The key thing to keep in mind for this example is that we want it to look like transactions proceed atomically (either the entirety of T0 proceeds, followed by the entirety of T1, or vice versa).

In the third example, T0 needs to restart because it has read a value that T1 overwrote. But since we require that writers have priority, we must have the entirety of T1 proceed first. Therefore the read in T0 must return T1's written value, and the only way it can do so is if the transaction T0 restarts.

chenh1

What is the relationship between commit and read? For example, the write will be in memory until commit.

crow

This slide shows how transaction read/writes interact with other transactional read/writes.

What happens when a non-transactional read/write interacts with a transactional read/write. For example, suppose we make a non-transactional read, and then another thread makes a transactional write, in case 3 here, the read would abort. However, we can't do that in our case because it's a non-transactional read. So it seems like the right thing to do is to abort the writing transaction instead.

zckchange

What does the blue line of rd A mean in Case3 ? rd A is running before committing during the whole blue line, or only the transaction is still running but the rd A has finished ?

albusshin

In case 3, rd A was restarted because T1 (write A) has higher priority over T0.

ykt

In case 4, if we assume that writing to A is the only read/write conflicting operation that happens in the transactions, then it should be ok for neither of the transactions to abort, since no one will be able to question the atomicity or the isolation of the transactions. (No one could have read the value of A before the transactions committed). My guess on why this optimization is not done is because of the complexity of implementing this.

ykt

@crow I think if you mix non-transactional code with transactional code, we will no longer be able to make atomicity and isolation guarantees. For example, if we use eager versioning, then the non-transactional code will be able to read in-between values and transactions will/should not (I think) be able to detect read/write(s) in non-transactional code, so won't know when to abort.

kapalani

In case 2 why must T1 stall till T0 commits? Since T1 already has the updated value that T0 wrote and T0 hasn't doesn't write to A again, why can't T1 just proceed and if it is the case that T0 writes to A again, then T1 can abort?

I guess the diagram might be a bit misleading in the sense that when the rdA happens for T1, the actual value of A isn't read until the transaction commits

lya

@kapalani I think the diagram is correct.
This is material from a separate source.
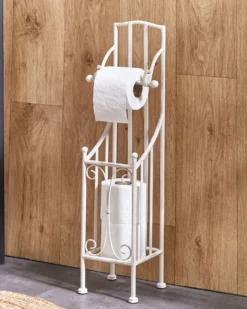 Toiletpapirholder BRISA Metal Hvid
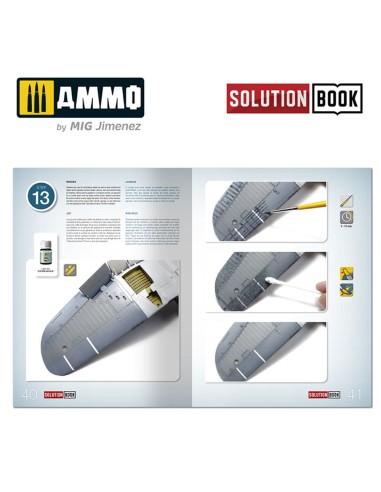 SOLUTION BOOK 14 - How to Paint US Navy WWII Late (English, Castellano, Français, Deutsch)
Remember in pessimistic detection, the checking for conflicts happens only during reads and writes. Therefore, during rdA, T1 cannot read the updated value of A from wrA of T0 and has to stall. If it reads A immediately, it could commit before T0 without double check. In this case, T1 is before T0 if we put transactions in a serial order. However, T1 reads the value of A updated by T0, so T1 is also after T0 in this sense, which violates the serializability of transactions.

tarabyte

Are there other scenarios within pessimistic and/or optimistic detection in which livelock occurs?

vadtani

pessimistic detection usually has a conflict manager to prevent livelocks!

nishadg

What if readers have priority?

SR_94

I am confused as to why T1 stalls in case2, and in case3 T0 first restarts and then stalls. This implies that in case 2, T1 detected that T0 had a write to addr A before it performed the read and hence stalled instead of restarting. In case 3, T0 aborts because it detected the write to A after it has read the value at A and then after that it detects the write to A before it reads A and hence stalls. So when and how do we decide to detect early?

Bye

@SR_94 Simply put, if a transaction detects a write to the same address it is going to read during its Rd check, the transaction will stall. On the other hand, if a transaction receives a Wr check to the same address it has read(by checking its read-set), it will abort and restart. This is to preserve serializability of TM.

fxffx

In case 4, the two transactions are aborting each other because writers always have priority. So two transactions will not stall but keep restarting, resulting in live lock.